Without pictures, repeat the lines of the entries from the one containing "مملوكة مسبقًا Tod's" through the last, both ends included, and nothing else.
━━ Dataset records ━━
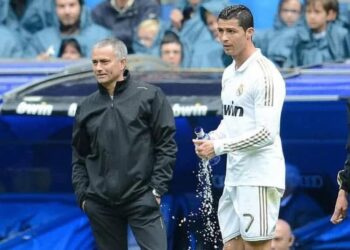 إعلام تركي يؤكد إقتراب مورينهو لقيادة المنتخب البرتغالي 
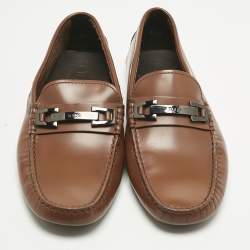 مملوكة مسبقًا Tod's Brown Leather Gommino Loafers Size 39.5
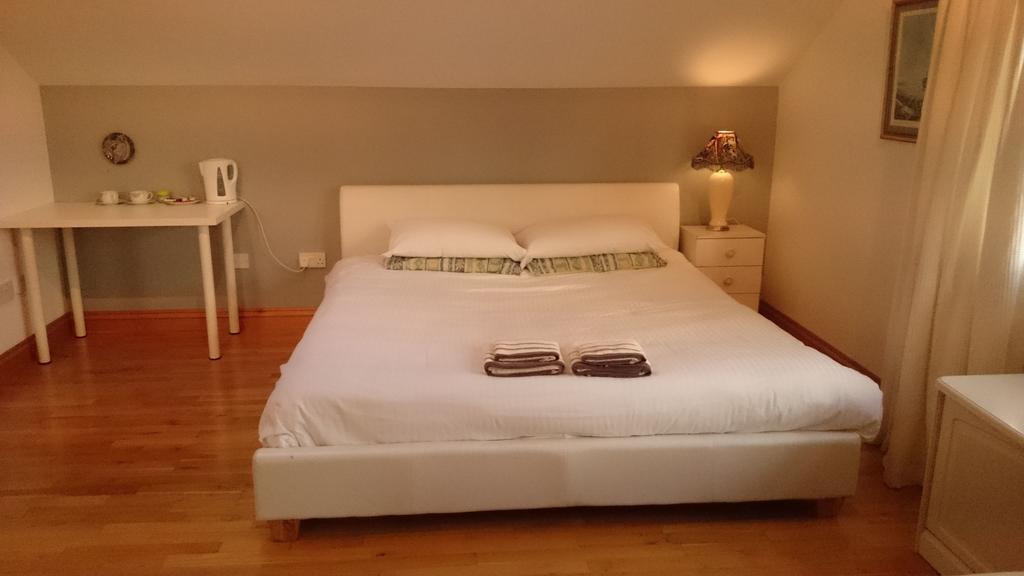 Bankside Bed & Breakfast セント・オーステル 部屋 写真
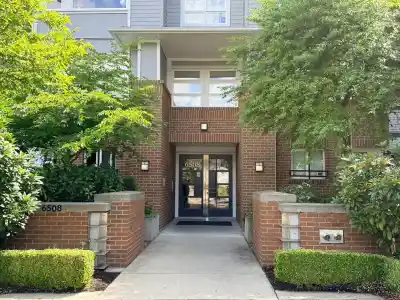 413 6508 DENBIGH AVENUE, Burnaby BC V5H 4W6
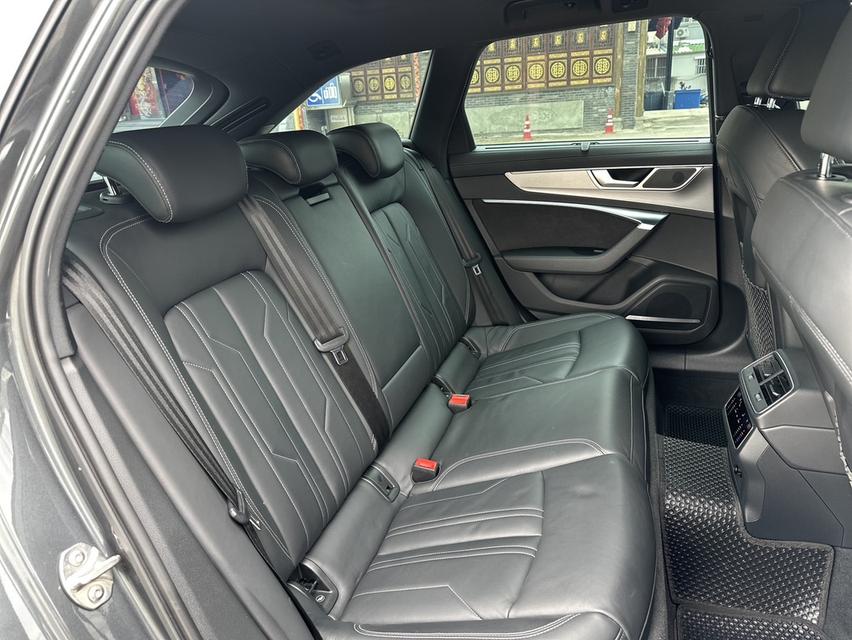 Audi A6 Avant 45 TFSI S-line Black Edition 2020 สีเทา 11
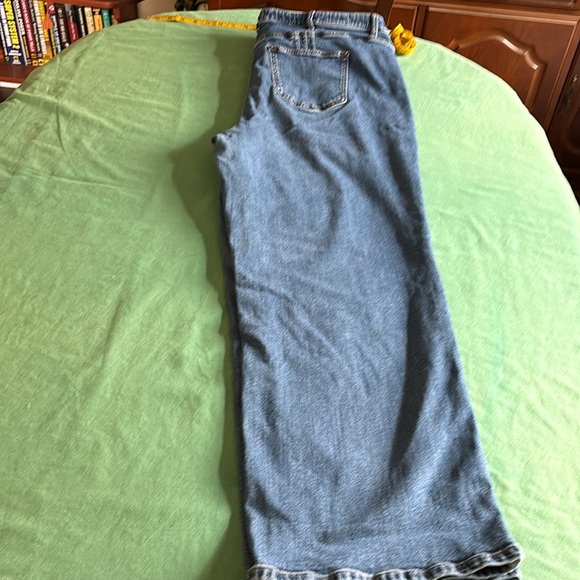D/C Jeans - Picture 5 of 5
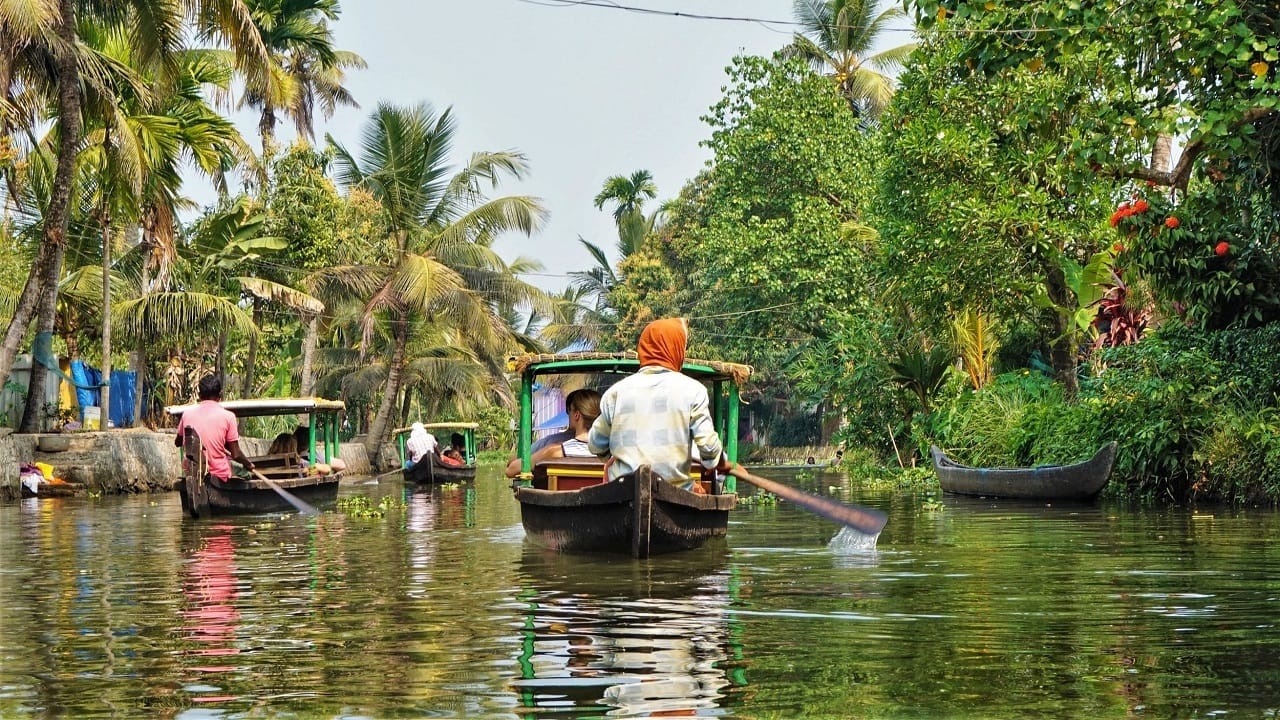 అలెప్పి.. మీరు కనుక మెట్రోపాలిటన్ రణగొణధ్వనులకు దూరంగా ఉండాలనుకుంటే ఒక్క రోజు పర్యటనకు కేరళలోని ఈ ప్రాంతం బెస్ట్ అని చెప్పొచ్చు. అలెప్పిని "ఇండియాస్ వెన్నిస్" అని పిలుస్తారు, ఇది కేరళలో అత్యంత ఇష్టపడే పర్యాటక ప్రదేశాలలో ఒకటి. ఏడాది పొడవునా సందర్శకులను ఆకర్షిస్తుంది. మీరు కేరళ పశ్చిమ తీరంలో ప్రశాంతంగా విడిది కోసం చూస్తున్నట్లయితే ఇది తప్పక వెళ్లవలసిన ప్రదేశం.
━━━
Output of the exercise:
 مملوكة مسبقًا Tod's Brown Leather Gommino Loafers Size 39.5
 Bankside Bed & Breakfast セント・オーステル 部屋 写真
 413 6508 DENBIGH AVENUE, Burnaby BC V5H 4W6
 Audi A6 Avant 45 TFSI S-line Black Edition 2020 สีเทา 11
D/C Jeans - Picture 5 of 5
 అలెప్పి.. మీరు కనుక మెట్రోపాలిటన్ రణగొణధ్వనులకు దూరంగా ఉండాలనుకుంటే ఒక్క రోజు పర్యటనకు కేరళలోని ఈ ప్రాంతం బెస్ట్ అని చెప్పొచ్చు. అలెప్పిని "ఇండియాస్ వెన్నిస్" అని పిలుస్తారు, ఇది కేరళలో అత్యంత ఇష్టపడే పర్యాటక ప్రదేశాలలో ఒకటి. ఏడాది పొడవునా సందర్శకులను ఆకర్షిస్తుంది. మీరు కేరళ పశ్చిమ తీరంలో ప్రశాంతంగా విడిది కోసం చూస్తున్నట్లయితే ఇది తప్పక వెళ్లవలసిన ప్రదేశం.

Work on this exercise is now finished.